Pertama, artikel itu ditulis sebagai informasi kepada orangtua dan para
pengelola pesantren untuk lebih waspada lagi. Karena barangkali orangtua dan
pengelola tidak pernah tahu tentang fenomena ini. Sebagaimana sangat mustahil
seorang santri yang belok melakukan pengakuan dengan jujur kepada orangtuanya
atau kepada pengelola pesantren. Sehingga hal ini harus diantisipasi sejak
awal. Yakni dengan mengontrol ketat para santri di pondok. Jangan merasa,
karena santri sudah ketat dalam urusan ‘interaksi dengan lawan jenis’ itu sudah
cukup
Kedua, untuk para orangtua yang merasa khawatir setelah
membaca artikel saya, maka saya sangat tekankan untuk tidak takut mengirimkan
anak-anaknya ke pondok pesantren. Seperti yang saya bilang di awal, kasus-kasus
itu hanya secuil jika dibandingkan dengan ratusan ribu pesantren yang ada di
nusantara. Tapi yang secuil itu tetap tidak boleh disepelekan. Karena selama
saya mondok pun saya menemukan tiga kasus homo di satu pesantren.

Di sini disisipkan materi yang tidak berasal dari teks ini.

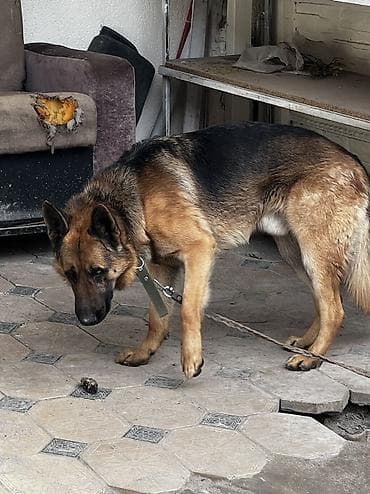 черный овчарка: Немецкая овчарка, 2 года, Самец — 5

Ketiga, keburukan dan kebaikan dimana-mana ada. Entah itu di
sekolah, di kostan, di mess, bahkan di pesantren sekalipun. Saya menceritakan
sisi kelam di pesantren karena memang saya pernah nyantri. Sungguh lucu ketika
kemudian saya menulis ‘lesbianisme para TKW di hongkong’ karena saya belum
pernah jadi TKW. Lha wong saya pria tulen. Adapun penyimpangan dan sisi gelap
di sekolah, tentu kita semua sudah pada tahu. Jadi tidak perlu bertanya kepada
saya, ‘kenapa kok hanya pesantren yang disorot, padahal di sekolah dan di
tempat-tempat lain ada kasus yang lebih mengerikan.

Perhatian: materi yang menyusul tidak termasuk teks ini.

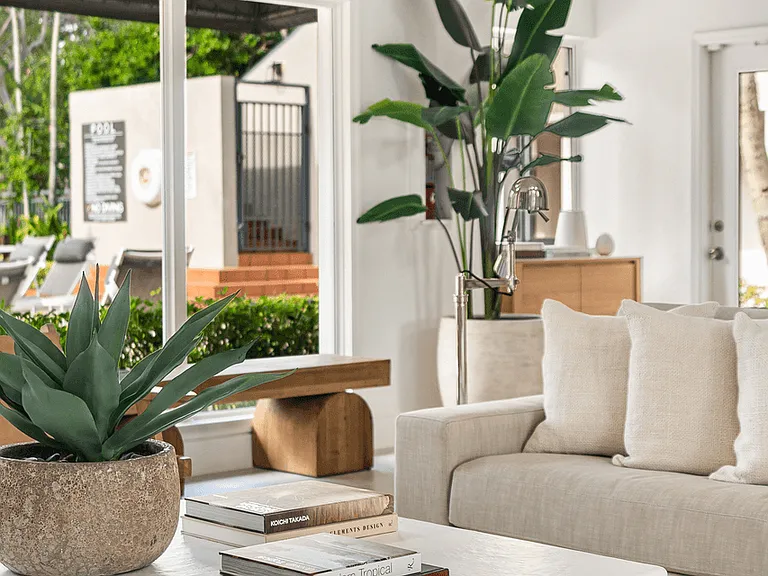 Coconut Palm Club Apartments — Photo 17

Keempat, sebagaimana saran para orangtua di kolom komentar
artikel sebelumnya, lagi-lagi pendidikan seks sejak dini sangat diperlukan
sehingga dimana pun anak terdampar, mereka telah memiliki ‘imun’ dari
penyimpangan. Missal, beritahukan adab-adab dengan lawan jenis terhadap anak.

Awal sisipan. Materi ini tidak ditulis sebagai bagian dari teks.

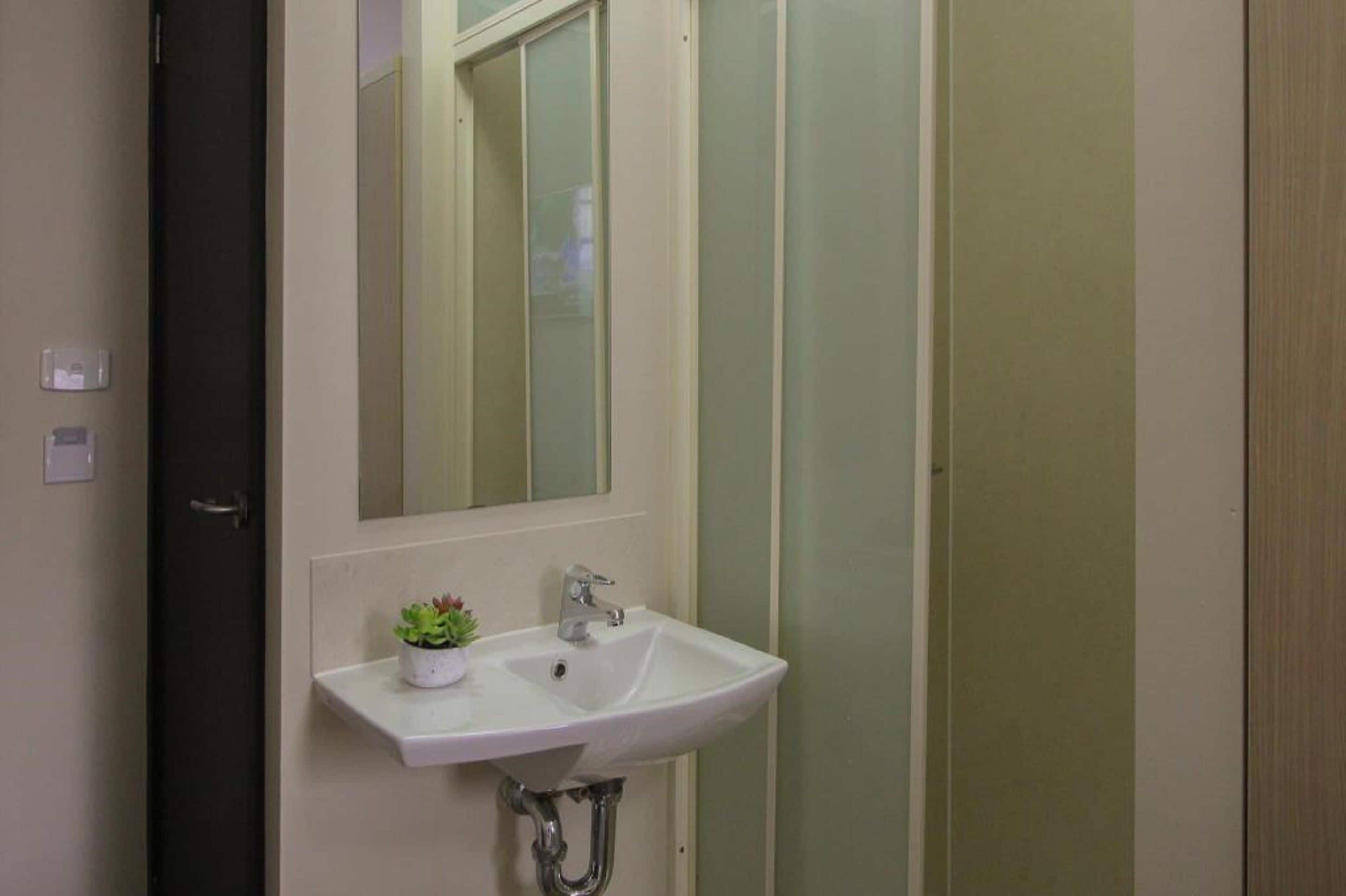 A bathroom with a white sink, a small potted plant, and a mirror.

Beritahu juga kepada mereka bagian tubuh mana saja yang boleh dan tidak boleh
disentuh oleh orang lain. Beritahu mereka untuk segera melapor atau melawan
ketika seseorang menyentuh bagian intim mereka. Sedari awal, tanamkan
pengertian bahwa mereka tidak boleh tidur bareng, mandi bareng atau ganti baju
bareng sehingga aurat terekspos oleh orang lain.
Kelima, pesantren salafiyah yang saya maksud di dalam artikel
tersebut adalah pesantren tradisional yang mengajarkan kitab-kitab kuning.
Banyak yang menyangka bahwa yang saya maksud adalah pesantren ‘manhaj salafi’.
Padahal jelas beda antara definisi pesantren salafiyah dengan pesantren ‘manhaj
salaf’.
Keenam, artikel tersebut bukan serta merta menjelek-jelekan
pesantren salafiyah atau pesantren tradisional. Artikel itu hanya mengutarakan
pengalaman pribadi saya. Bahwa selama pengalaman saya menjadi santri, kasus
homoseksual itu hanya terjadi di pondok salafiyah dimana saya pernah belajar.
Sementara pondok modern yang pernah saya diami, saya tidak menemukan. Ini bukan
diskriminasi, tapi hanya bercerita pengalaman. Akan tetapi, dari
komentar-komentar para pembaca, ada juga kasus seperti itu di pondok pesantren
modern. Tapi lagi-lagi kebanyakan yang berbagi pengalaman juga mengalami hal
itu di pondok tradisional.
Terakhir, saya ingin menegaskan bahwa artikel itu bukan untuk
menakut-nakuti, bukan pula untuk mencoreng nama baik pesantren. Meski saya mengetahui
kasus-kasus itu, saya tetap akan memilih pesantren sebagai lembaga pendidikan
ideal bagi adik-adik dan anak saya.
Karena jika dibandingkan dengan sekolah umum, pesantren
menawarkan kekuatan iman dan intelektualitas yang seimbang. Adapun baik dan
buruk, itu Kembali kepada pribadi masing-masing santri, didikan dan pantauan
orangtua sejak dini, serta dari kewaspadaan para asatidz.
Sekian klarifikasi saya, semoga dipahami.